6/ C’est ce que doivent se dire certains papes, non ? Donc, on supprime le système hiérarchique, mais on glorifie l’Übermensch ?

7/ De nouveau, en quoi le polymorphisme est-il servi par le besoin de survivre et la nécessité, à cette fin, de la force physique ?

8/ Le naturalisme n’implique-t-il pas l’inégalité des forces et la disparition des plus faibles ?  L’anarchie par le déterminisme ? Naturalisme synonyme d’anarchie ?

9/ What happens if A is as resolute in kicking B’s ass as B is in helping flowers grow ?

10/ Anarchisme = Besoin de machisme ? Où est la démonstration de ce qui est avancé ?

11/ Vive les CRS qui se lâchent ? Vive un ministre qui s’affranchit des règles et les couvre ? Un pas de plus vers l’anarchie ? Ou est-il (argument imparable) impossible de déterminer si les individus concernés agiraient de la même manière s’ils n’étaient soumis à aucune tutelle ? Pire : est-ce la tutelle qui continue de s’exercer lors même qu’ils s’en affranchissent stricto sensu ? Pire encore : en quoi « tout mettre à sac » chez France Bleu (ou chez Charlie en 2011) ne pourrait-il hypothétiquement avoir été le fait d’agents provocateurs qui sont les pires ennemis de l’anarchie ? En quoi te distingues-tu de cette hypothèse, pov’ tache dont le « spontaneous development » a dû s’arrêter lorsqu’apparurent tes premiers boutons d’acné ?
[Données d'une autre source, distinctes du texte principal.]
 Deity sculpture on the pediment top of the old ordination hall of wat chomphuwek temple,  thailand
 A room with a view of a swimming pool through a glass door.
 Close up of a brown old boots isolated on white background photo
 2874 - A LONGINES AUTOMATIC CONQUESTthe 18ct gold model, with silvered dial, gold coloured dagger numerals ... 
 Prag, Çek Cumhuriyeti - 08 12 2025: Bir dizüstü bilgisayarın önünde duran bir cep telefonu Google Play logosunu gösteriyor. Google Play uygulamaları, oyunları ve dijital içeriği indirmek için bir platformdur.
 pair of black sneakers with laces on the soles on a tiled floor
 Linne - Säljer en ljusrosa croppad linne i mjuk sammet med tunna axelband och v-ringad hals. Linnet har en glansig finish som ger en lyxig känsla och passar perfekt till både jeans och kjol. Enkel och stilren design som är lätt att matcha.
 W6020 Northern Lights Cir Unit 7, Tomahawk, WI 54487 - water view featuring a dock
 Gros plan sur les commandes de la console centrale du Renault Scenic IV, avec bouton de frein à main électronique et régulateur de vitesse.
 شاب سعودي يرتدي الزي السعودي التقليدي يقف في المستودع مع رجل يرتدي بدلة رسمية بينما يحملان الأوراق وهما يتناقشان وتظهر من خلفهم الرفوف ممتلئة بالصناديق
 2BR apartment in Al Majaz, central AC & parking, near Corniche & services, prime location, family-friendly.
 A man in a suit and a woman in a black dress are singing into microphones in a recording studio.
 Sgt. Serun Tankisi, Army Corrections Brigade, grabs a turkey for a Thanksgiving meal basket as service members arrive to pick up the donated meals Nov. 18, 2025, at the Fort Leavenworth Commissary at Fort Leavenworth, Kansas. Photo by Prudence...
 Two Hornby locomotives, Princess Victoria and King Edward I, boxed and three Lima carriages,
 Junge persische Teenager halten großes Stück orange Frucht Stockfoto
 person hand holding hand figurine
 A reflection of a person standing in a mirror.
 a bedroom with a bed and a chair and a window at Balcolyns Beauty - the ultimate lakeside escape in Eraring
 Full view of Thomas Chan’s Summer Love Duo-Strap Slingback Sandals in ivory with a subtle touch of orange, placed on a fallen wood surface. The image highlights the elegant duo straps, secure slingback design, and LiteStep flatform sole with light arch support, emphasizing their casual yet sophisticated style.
12/ Mais, mon brave, tu crois que France Bleu Isère et l’église Saint-Jacques ne seront pas reconstruites ? Que le CAC40 tremble désormais ? Tu crois à l’égalité du rapport de forces physique entre l’Etat et quelques groupuscules d’individus ? Ou, en bon self-hating bourgeois, tu voulais juste te défouler comme les monstres d’Orange mécanique le firent sur un « faible » sous un pont ? …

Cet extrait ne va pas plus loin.